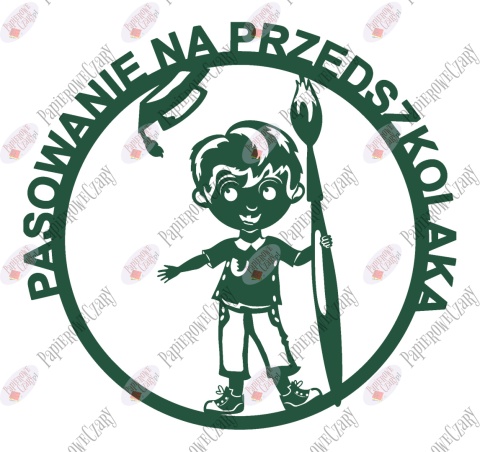 Pasowanie na przedszkolaka Ślubowanie Chłopiec z piórem 1 Dekoracje z papieru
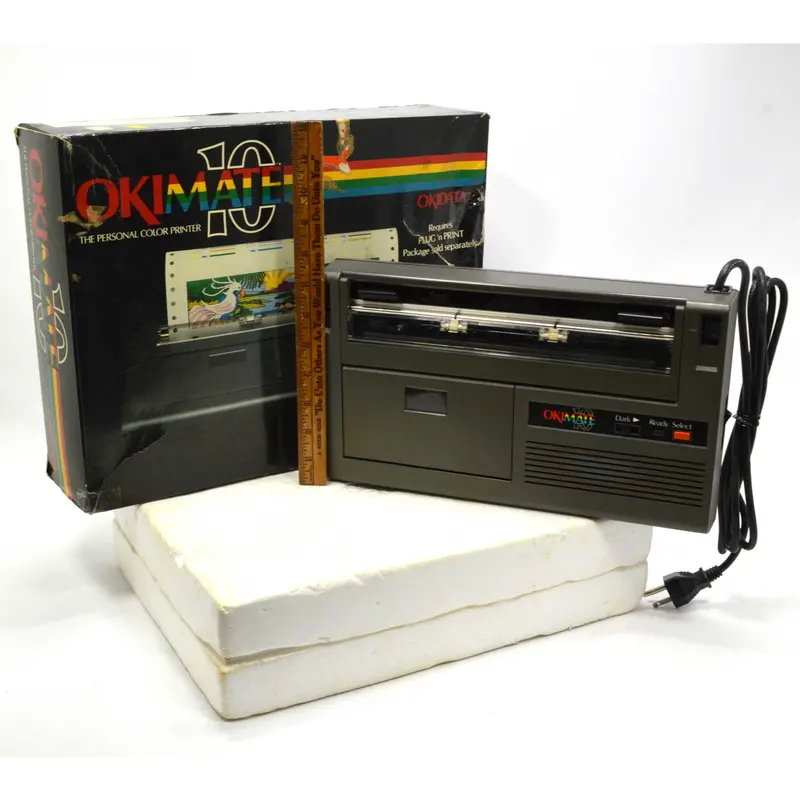 Okimate 10 Color Printer – Factory Box, Confirmed Power-On (Untested Operation) 1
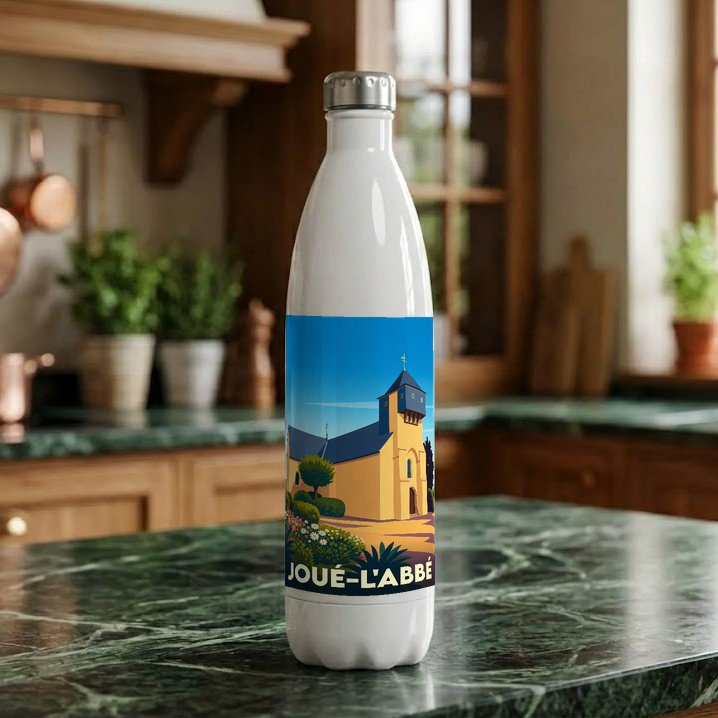 Gourde blanche souvenir de la ville de Joué-l'Abbé avec une illustration stylisée de son église.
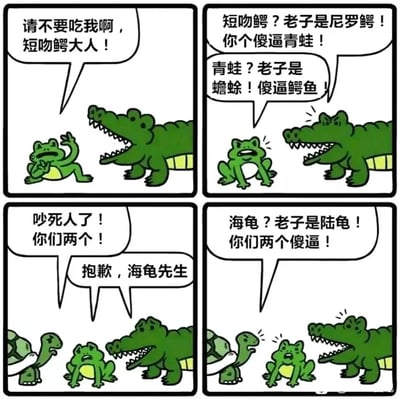 这是一幅四格卡通搞笑漫画，第一格中，一只蟾蜍误以为面前的鳄鱼是短吻鳄，惊恐地举手求饶；第二格中，鳄鱼愤怒地纠正自己是尼罗鳄，还错把蟾蜍当成青蛙辱骂，蟾蜍也立刻愤怒纠正自己的身份，和鳄鱼互怼起来；第三格中，一旁的陆龟被吵得不耐烦，出声制止两人，鳄鱼和蟾蜍连忙道歉，却又误将陆龟认成海龟；第四格中，陆龟愤怒地纠正自己是陆龟，反过来辱骂鳄鱼和蟾蜍，整个漫画通过认错物种的连环误会，制造出层层递进的搞笑效果，风格诙谐幽默。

----

WORK REQUIRED - Images are not wanted in the copy. Please print the material above exactly.

TASK ANSWER -
 Pasowanie na przedszkolaka Ślubowanie Chłopiec z piórem 1 Dekoracje z papieru
 Okimate 10 Color Printer – Factory Box, Confirmed Power-On (Untested Operation) 1
 Gourde blanche souvenir de la ville de Joué-l'Abbé avec une illustration stylisée de son église.
 这是一幅四格卡通搞笑漫画，第一格中，一只蟾蜍误以为面前的鳄鱼是短吻鳄，惊恐地举手求饶；第二格中，鳄鱼愤怒地纠正自己是尼罗鳄，还错把蟾蜍当成青蛙辱骂，蟾蜍也立刻愤怒纠正自己的身份，和鳄鱼互怼起来；第三格中，一旁的陆龟被吵得不耐烦，出声制止两人，鳄鱼和蟾蜍连忙道歉，却又误将陆龟认成海龟；第四格中，陆龟愤怒地纠正自己是陆龟，反过来辱骂鳄鱼和蟾蜍，整个漫画通过认错物种的连环误会，制造出层层递进的搞笑效果，风格诙谐幽默。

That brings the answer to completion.